China stimulus news good for markets
It was a solid week last week for the Australian market, advancing on four of the five days.
The S&P/ASX 200 gained 138.1 points, or 2.1 per cent, for the week, to end at 6,678, while the broader S&P/ASX All Ordinaries index added 156.6 points, or 2.3 per cent, to 6,877.
The All Tech index did considerably better than those, with an 8.3 per cent gain, while the Energy sub-sector eked out a 0.8 per cent gain and the Materials sub-sector went backwards to the tune of 0.8 per cent.
Both got a boost late in the week from reports that China was considering a 1.5-trillion-yuan ($327 billion) bond sale, with the proceeds expected to be used for infrastructure spending to stimulate growth.
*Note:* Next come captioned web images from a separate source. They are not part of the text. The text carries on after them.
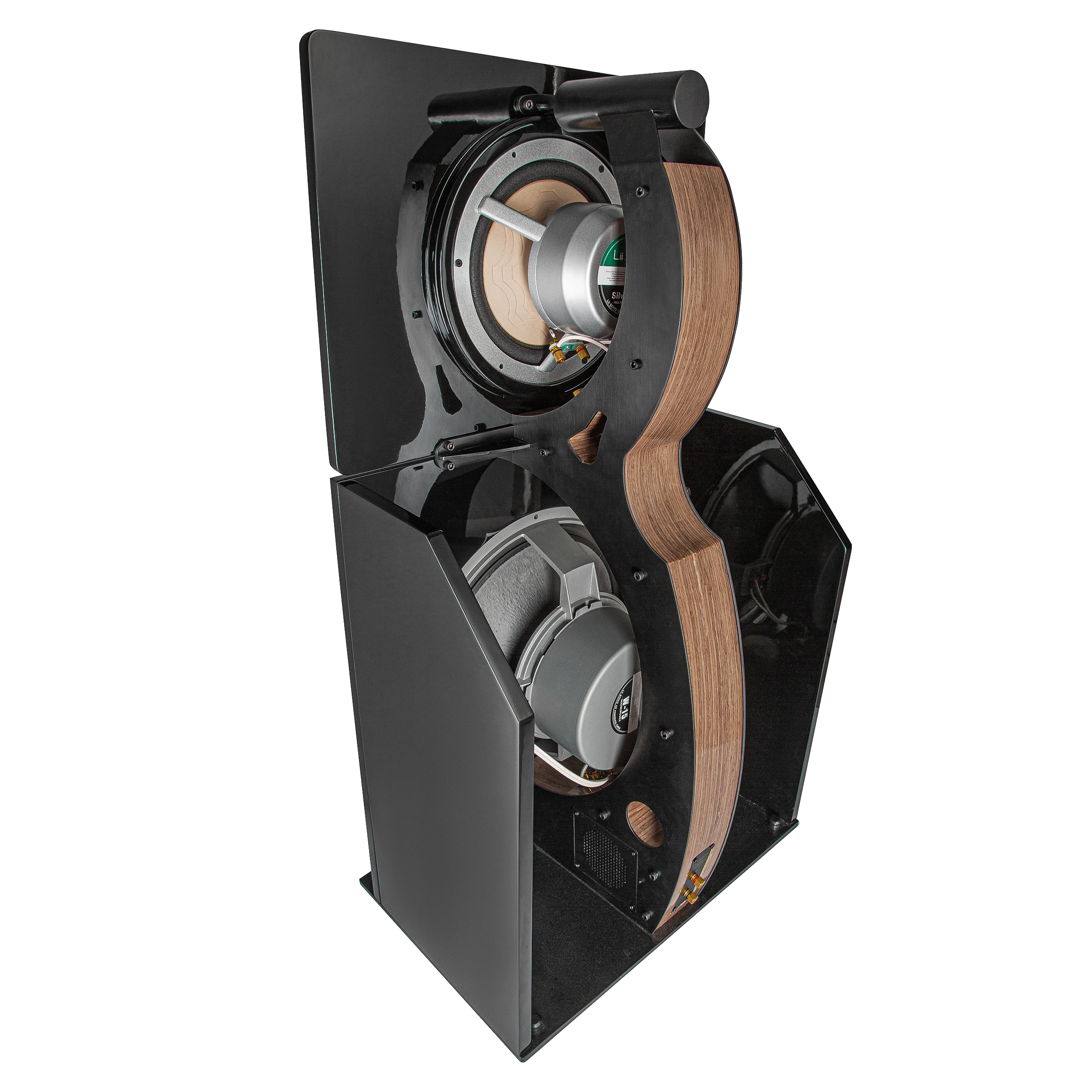 LS-18 مكبر صوت منزلي متطور مقاس 10 بوصة نطاق كامل + مضخم صوت 15 بوصة (زوج واحد)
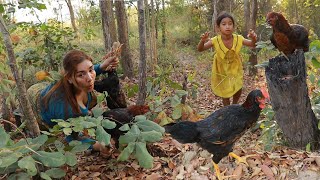 Found Catch 3 chicken in forest of survival-Boiled chicken soup with special recipe eating delicious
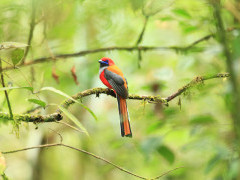 Whitehead's trogon in Borneo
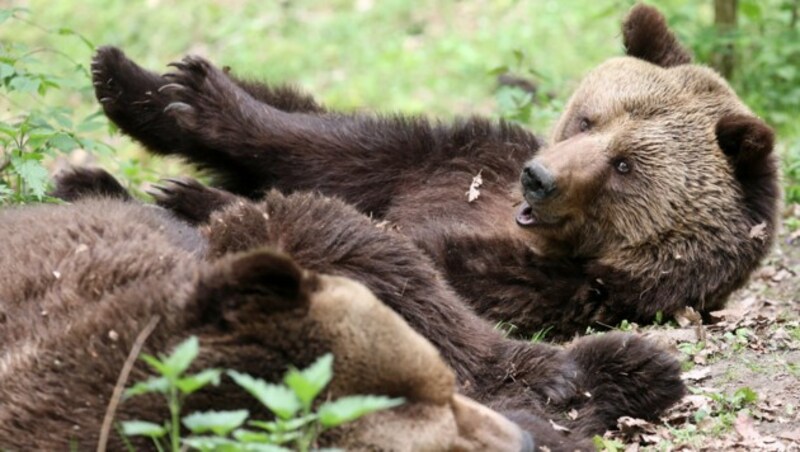 Braunbär (Bild: APA/dpa-Zentralbild/Bernd Wüstneck)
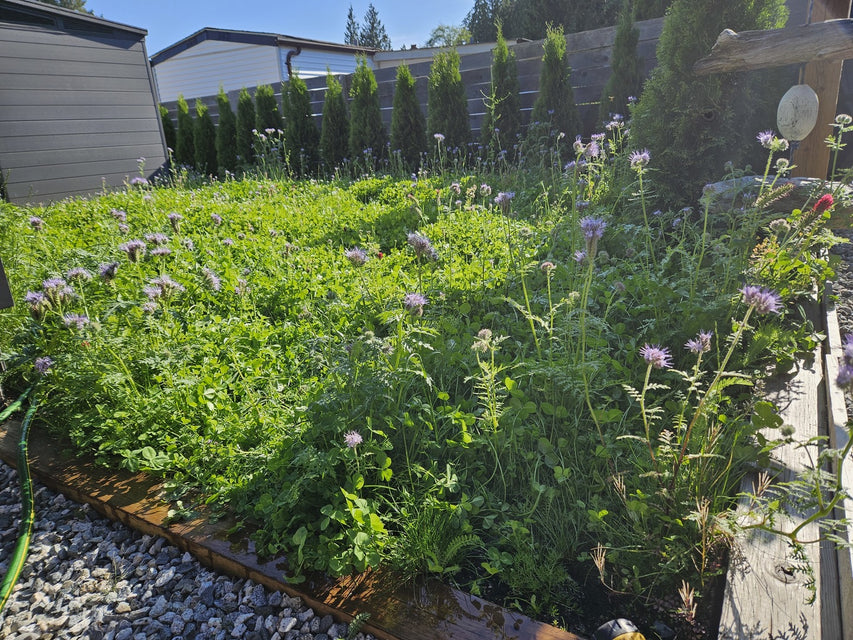 Easy care envirolawn west coast seeds lawn solutions 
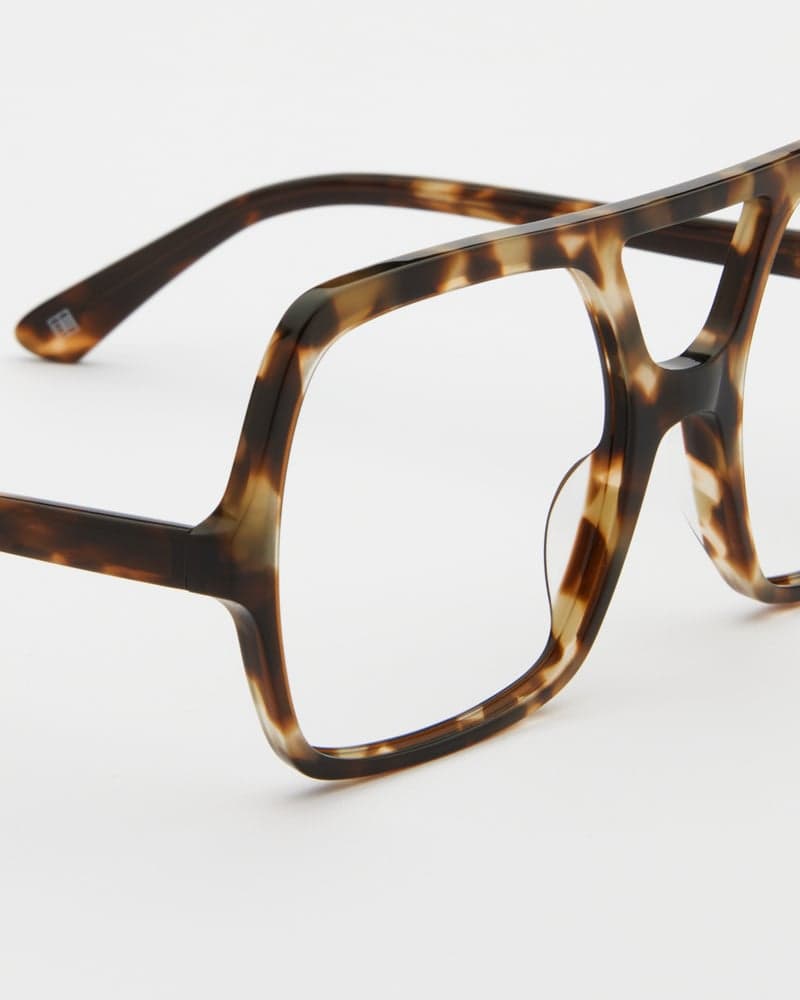 Lilly Turtle Brown Readers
The Chinese bond sales news lifted commodity prices and were also good for the Australian dollar, lifting it from a two-year low, to which fears of a global recession had pulled it.
Solid week for Wall Street
The local market got a mostly positive lead from the US, where the Dow Jones Industrial Average gained 2 per cent over the week, the broader S&P 500 was up 3.1 per cent and the tech-heavy Nasdaq Composite Index saw the biggest gain, up 5.7 per cent, as some of the tech bellwethers appeared over-sold to investors.
Things were also looking good elsewhere. In Europe, the Euro Stoxx 50 lifted 1.7 per cent, Germany’s DAX 40 gained 1.6 per cent, the CAC 40 in Paris added 0.8 per cent. London’s FTSE-100 edged 0.4 per cent higher.
In Asia, Japan’s Nikkei was up 1.7 per cent and the Shanghai Composite index gave up 0.8 per cent.
Gold put in its worst week in two months, losing more than US$60, or 3.8 per cent.
The gold market is being hurt by a strong US dollar index, which is taking on a lot of the safe-haven interest – traditionally gold’s role – amid rising recession fears.
Analysts say gold remains vulnerable to an even bigger selloff, as markets anticipate another aggressive hike by the Federal Reserve at its July meeting.
US jobs news hits the mark
Friday night’s jobs print in the US beat expectations, with the economy adding 372,000 positions in June.
The upbeat number has virtually convinced the markets that the Fed will proceed with another 75-basis-point hike at the July meeting in just over two weeks.
This week, markets will be closely watching June’s inflation report, with market expectations looking for the US annual headline figure to accelerate to 8.7 per cent, up from 8.6 per cent in May.
The retail number will be out on Wednesday night our time, with the wholesale number following 24 hours later.
With recessionary fears weighing on the markets, investors are also acutely conscious that second-quarter corporate earnings results begin to flow this week, which will give a reading on the health of corporate America and the broader US economy.
The June retail sales data on Friday should also bring further insight into the state of the US consumer and economy.
The new week starts with the Australian dollar buying 68.56 US cents, after a 1 per cent rise over last week, and the government ten-year bond yielding 3.47 per cent.